When I crossed the finish line I felt confident that I could run 100 miles. The stretch factor would now be tackling it all in one go without the base camp and curfew sleep. So a friend and I entered Ultra Trail Drakensberg (UTD160) which took place in April 2021. UTD160 includes a 75km loop in Lesotho, before descending Sani Pass via the 12 apostles to Sani Pass Hotel which is at about 100km, before running out and back via Underberg and the Giants Cup trail to finish the race. Whilst I felt confident I could finish, the stretch here was Lesotho. At 1500m above sea level, the 75km would be through some very wild terrain and would include summiting Thabana Ntlanyane, the highest peak south of Kilimanjaro in Southern Africa. I would also be running through the night and could experience subzero temps.  I now also needed to rely on aid stations and carry all the gear required for 100km which would be the first time I would see my wife who was seconding me. It was an exceptionally tough run, and I experienced a lot of dark places, but managed to keep moving and reach the finish line in a little over 34hours.

UTD had increased my levels of confidence and I now felt comfortable with the idea of running other 100 milers. But the stretch for me would first come in the form of repeating the two races I had already done and improve my performance. I was familiar with the routes and the logistics involved, so now I was keen to address mistakes that I had made and see if I could improve on my times. I changed up my pre-race nutrition, trying out the keto diet and also enrolled in running coaching. I addressed some gear issues and bought myself a set of running poles. I trained differently and prepared differently. All in all, I ran two solid races and had now developed more confidence in preparing for and running 100 miles.

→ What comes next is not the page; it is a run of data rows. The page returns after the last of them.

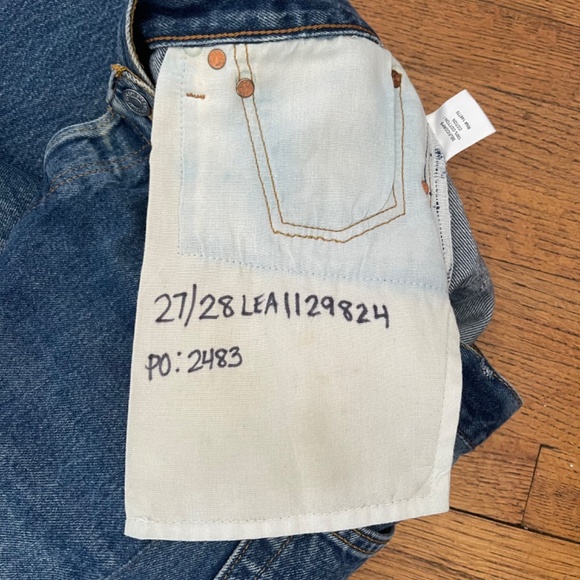 Re/done Levi's Size 27 Retro Flare High Rise Med Wash Jeans Size 27 - Picture 6 of 11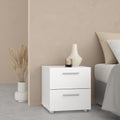 Pippa Bedside 2 Drawers in White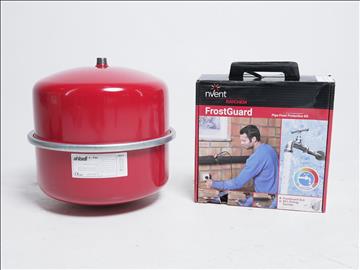(NY) Expansionskärl samt värmekabel - Ahlsell A-Flex 25L 0,5 bar samt Raychem Frostguard 8m, Totalt ord. pris inkl. moms ca: 1600 kr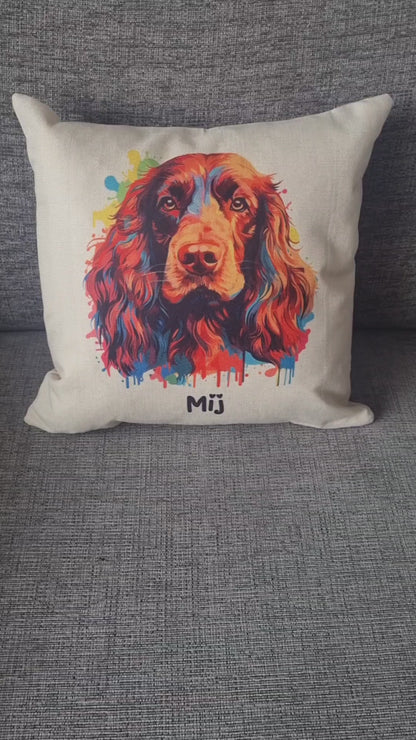 Personalised Dog Pillow, Dog Breed with name Pillow, Personalised gift for a Dog owner, Dog Pillow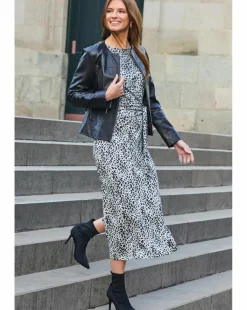 Sosandar Leopard Jersey Dress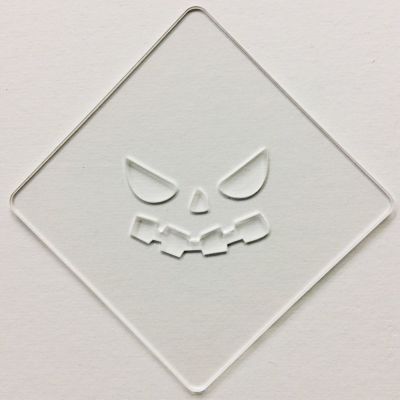 【atta】ハロウィンステンシル　パンプフェイス4　カフェアートステンシル　LAS-0089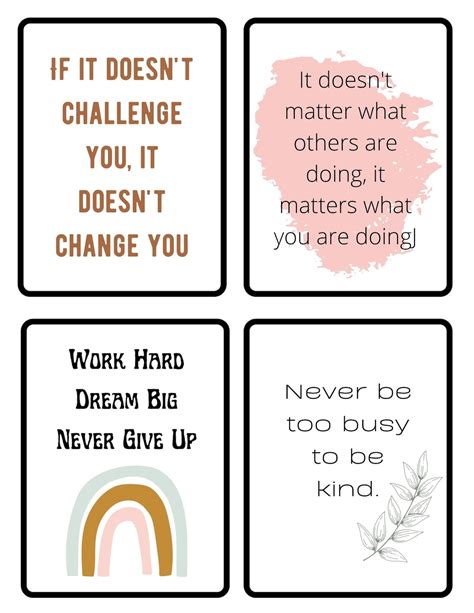 Motivational Quote Cardsnotecards For Teensnotecards For College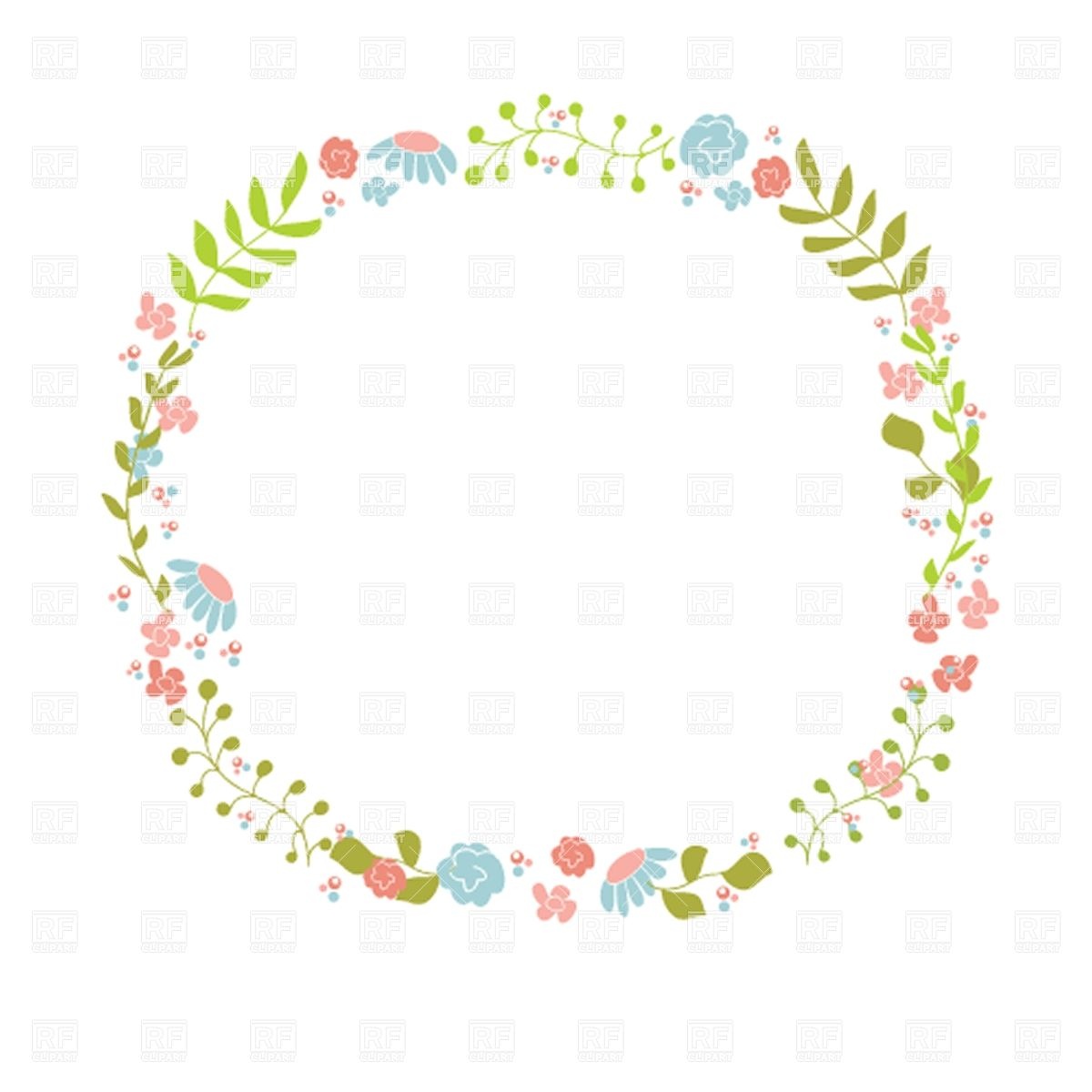 Floral Wreath Clip Art Free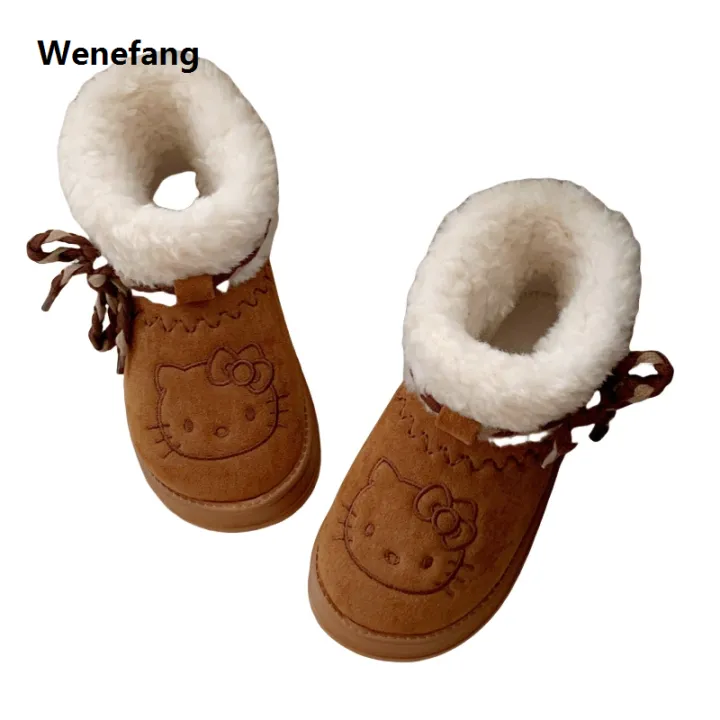 Wenefang%20Sanrio%20Hello%20Kitty%20Snow%20Winter%20Girl%20Plush%20Snow%20Booties%20Keep%20Warm%20Portable%20Slippers%20Shoes%20Non-Slip%20Sneaker%20Outdoor%20Warmth%20Snow%20Boot%20-%20Image%206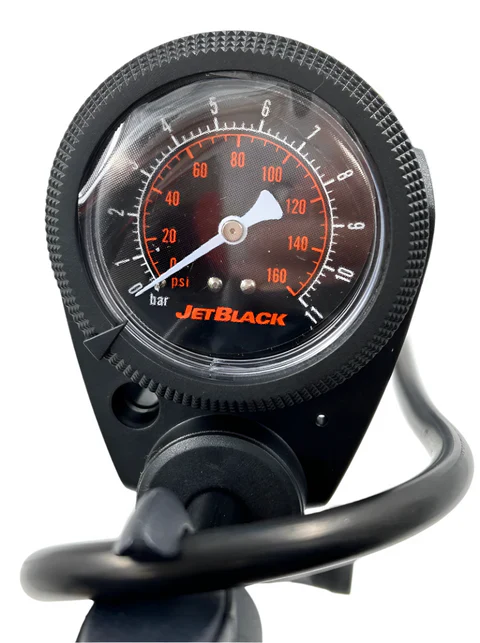 JetBlack Good Fella Top Mounted Gauge Steel Floor Pump With Smart Head - Image 2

My next ‘stretch zone’ would be to approach a miler with a ‘racing mindset’ i.e. could I run hard over the entire distance, making use of the runnable sections (flat sections, downhills, uphills with decent gradients and all non-technical terrain) so as to run the miler as a race (against myself) rather than a measured trot to the finish? I wanted to see how my body and mind responded to being pushed a little harder over that distance. I also wanted to reduce my time at the aid stations (with an average of 12 aid stations, 10 minutes per aid station you can add on as much as 2 hours onto your time), approach my training differently by including strength training and ensure my nutrition was planned and executed well on the day.

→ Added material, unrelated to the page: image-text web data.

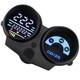 Motorcycle Digital Speedometer Tachometer Gauge Universal Fuel Gauge Dash ABS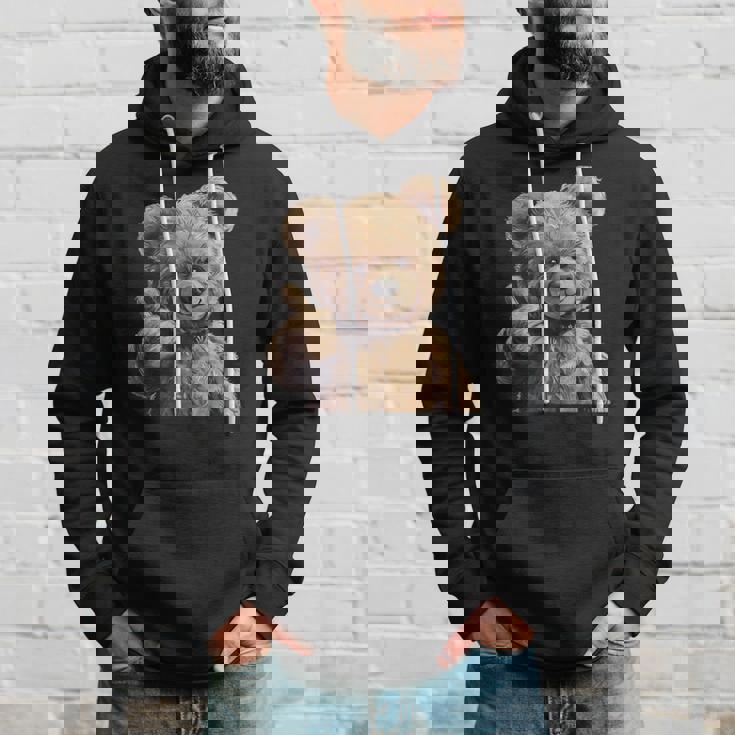 かっこいいテディベア 親指付き パーカー 彼への贈り物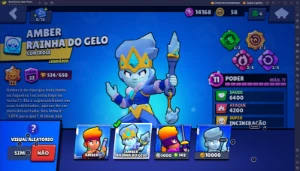 Conta Brawl Stars Antiga E Gemada 34K De Troféus 77 Brawlers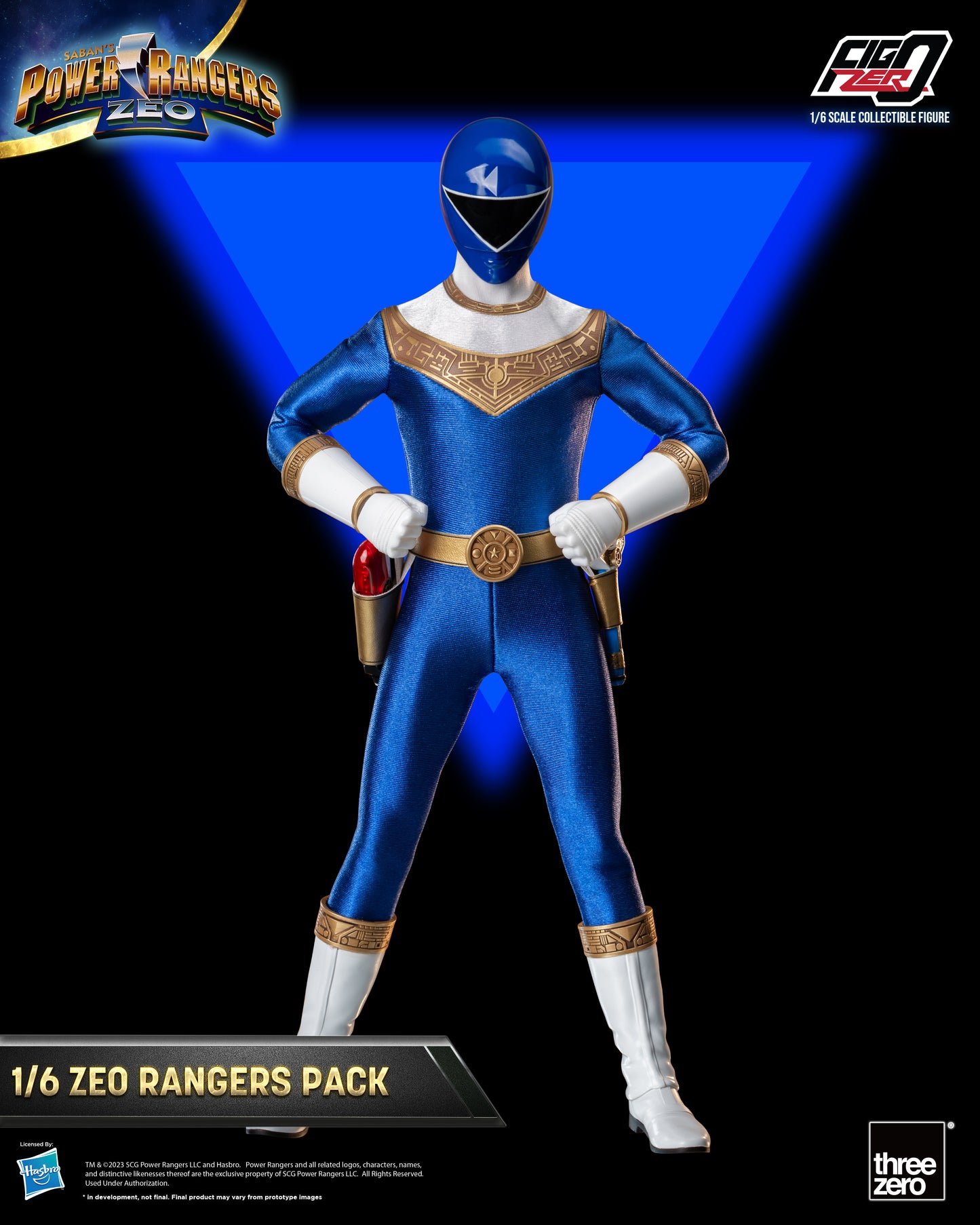 Threezero: Rerun Power Rangers Zeo - FigZero 1/6 Zeo Rangers Pack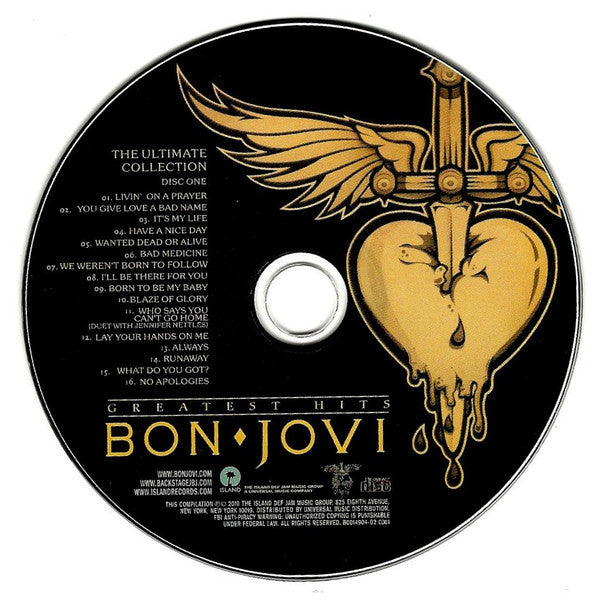 Bon Jovi : Greatest Hits: The Ultimate Collection (2xCD, Comp, Tri)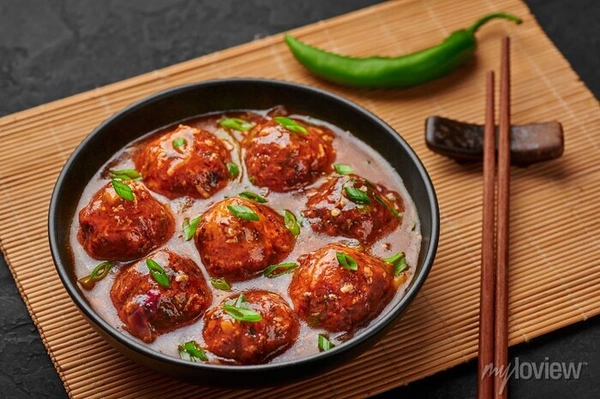 Veg Manchurian - Gravy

I tested this all out at my next race which was the inaugural Ultra Trail Cape Town 100 miler (UTCT).  It was hands down the toughest miler I have run, with 7600 of elevation, serious climbs and some very technical trails which I certainly wasn’t used to. The fastest and most runnable stretch is the first 20km, so I went out the blocks harder than I would normally do so. It felt strange to go hard when one should be starting conservatively. I found myself running at 5:30mins per kilometer with 150km still to go! I felt my body recover in the slower or non-runnable sections and stuck to my mantra –  ‘notch it up’ – which was a reminder to take my pace up by 10% when I felt like I was lagging.

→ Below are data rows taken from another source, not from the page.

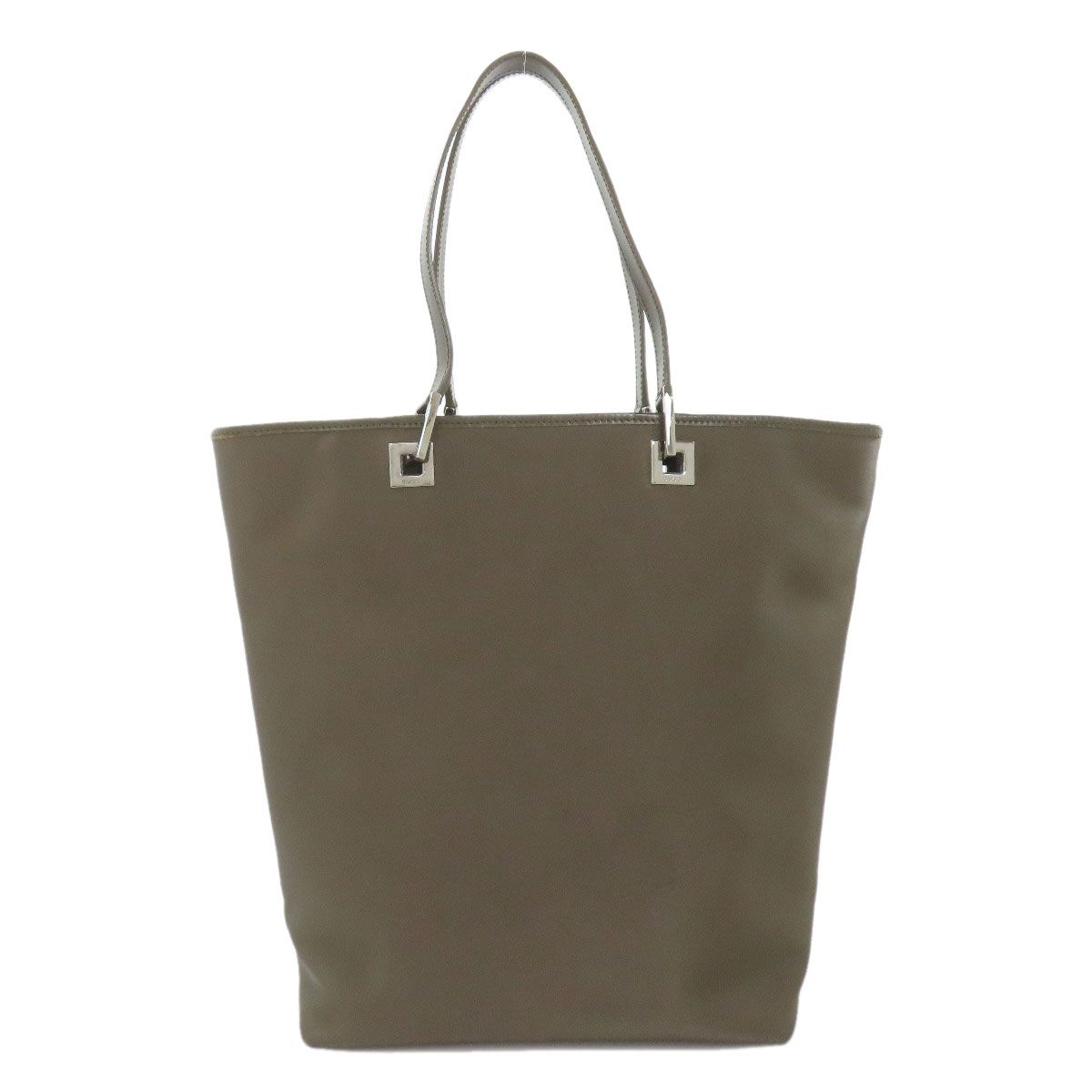 Gucci 002 Logo Tote Nylon Leather — view 2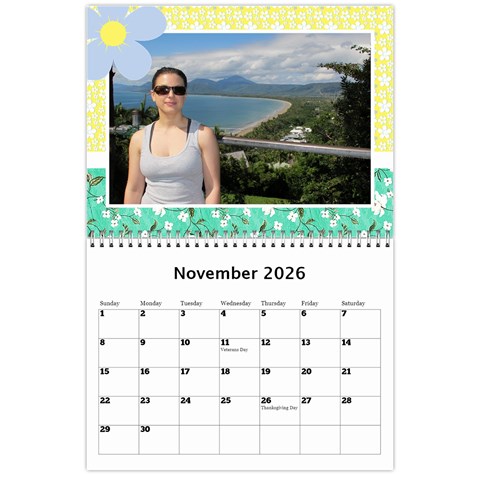 Happy Days Wall Calendar By Deborah Nov 2026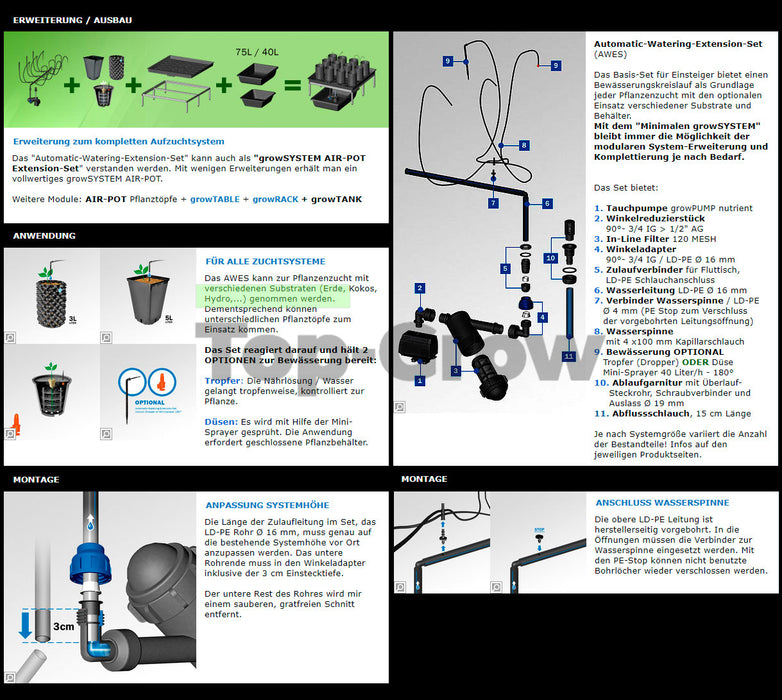 Automatic Watering 1.2 / Erweiterungsset | Top-Grow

UTCT gave me the confidence to run harder and faster within the 100 mile distance. My I was now feeling confident with what my body could handle over that distance based on my training. My coaching was also providing data which I could use to benchmark against in preparing for the next race. My next stretch zone was then an extention of UTCT in that I was keen to race against the clock and run sub 30 hours at one of the tougher milers on offer in South Africa.

I chose to tackle that goal at Mac Mac 100 Miler which takes place up in Mpumulanga, South Africa. The race claimed to have 7600 of vert as well, although the GPX file read 5800m. You do, however, climb continuously and there is a lot of very technical terrain aside from very runnable jeep and single track. Of course, it’s all at altitude. Again, I started strong leveraging the very fast start and found myself running behind the lead pack with a nice group who I ended up running with throughout the night. We maintained a good pace and in the early hours of the morning I pushed ahead with one of the crew I had spent the night with. Feeling strong, I then increased my pace toward the end finishing in 29hrs 14mins.

I remember the last 9km vividly. I had run the whole race relatively hard where I could and my legs were tired, but I was astounded at the pace I was able to maintain (for me!) over the last 5km. I had this surge of energy within me as I pushed it up and down the hills. I remember being blown away at how much was in the tank despite giving it a good go. I was left wondering what’s possible if I stretch myself a little more in the middle sections and also if I challenge myself to go harder during the technical sections which I seem to approach way more conservatively than other runners.  It’s not all about racing for me, but a big motivator is watching my body and mind respond to being pushed to the limit. Its incredible just how much more there is within us than we give ourselves credit for.

I have developed a great deal of confidence ever since KK100 in 2020. As I grew comfortable with the distance I stretched myself a little more, which in turn resulted in more confidence and comfort where previously I lack confidence. I appreciate the comfort zone as you get to use your confidence to achieve results within that zone. You also get to influence those who don’t feel confident in areas where you feel comfortable. But the satisfaction really comes when you enter the stretch zone after enjoying the comfort zone.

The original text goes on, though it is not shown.